## Exercise requirements
Pictures are to be left out, and only the lines from the one with "Picture of 13" through the last line of the listing below are to be repeated exactly.

:: Data extract

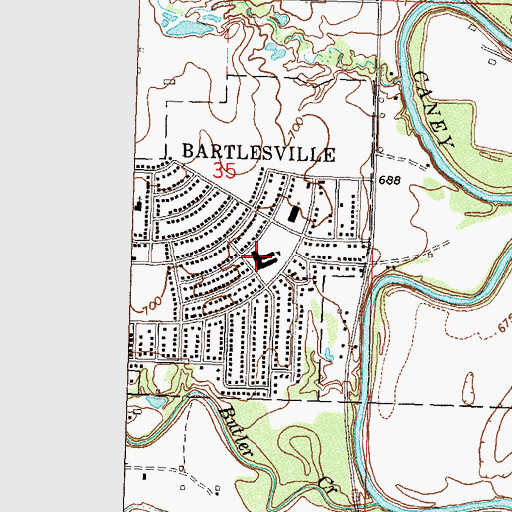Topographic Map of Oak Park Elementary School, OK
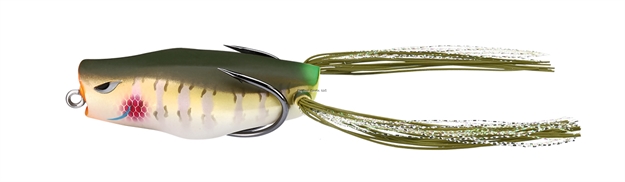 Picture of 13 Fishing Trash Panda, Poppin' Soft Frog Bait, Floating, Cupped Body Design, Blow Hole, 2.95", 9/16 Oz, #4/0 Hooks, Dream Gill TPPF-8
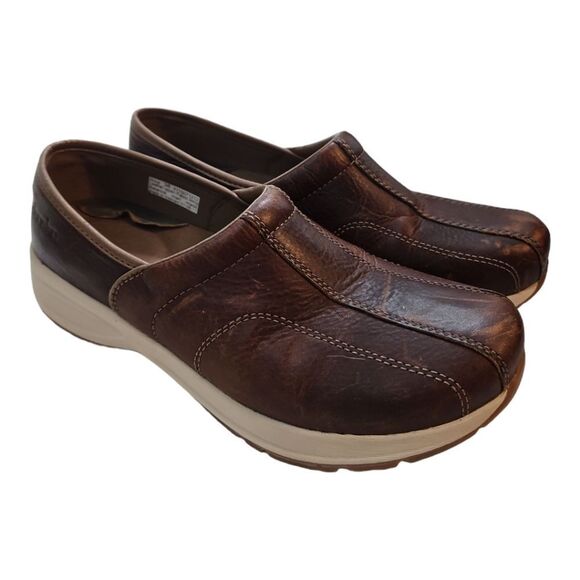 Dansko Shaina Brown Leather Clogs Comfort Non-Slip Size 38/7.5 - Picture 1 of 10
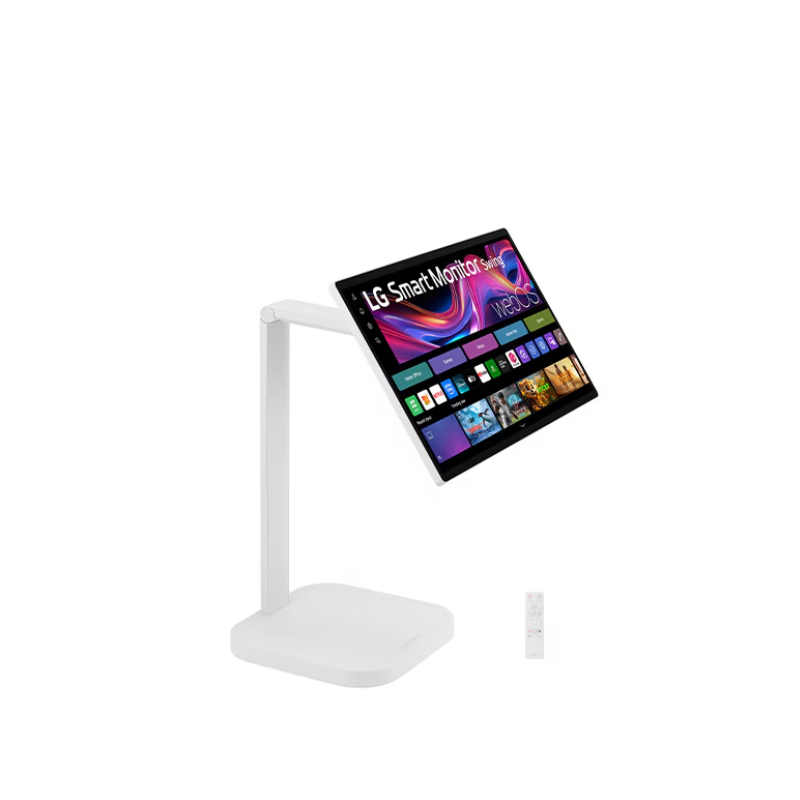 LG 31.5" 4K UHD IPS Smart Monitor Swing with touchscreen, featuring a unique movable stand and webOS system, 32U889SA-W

::::

## Completed task
 Picture of 13 Fishing Trash Panda, Poppin' Soft Frog Bait, Floating, Cupped Body Design, Blow Hole, 2.95", 9/16 Oz, #4/0 Hooks, Dream Gill TPPF-8
 Dansko Shaina Brown Leather Clogs Comfort Non-Slip Size 38/7.5 - Picture 1 of 10
 LG 31.5" 4K UHD IPS Smart Monitor Swing with touchscreen, featuring a unique movable stand and webOS system, 32U889SA-W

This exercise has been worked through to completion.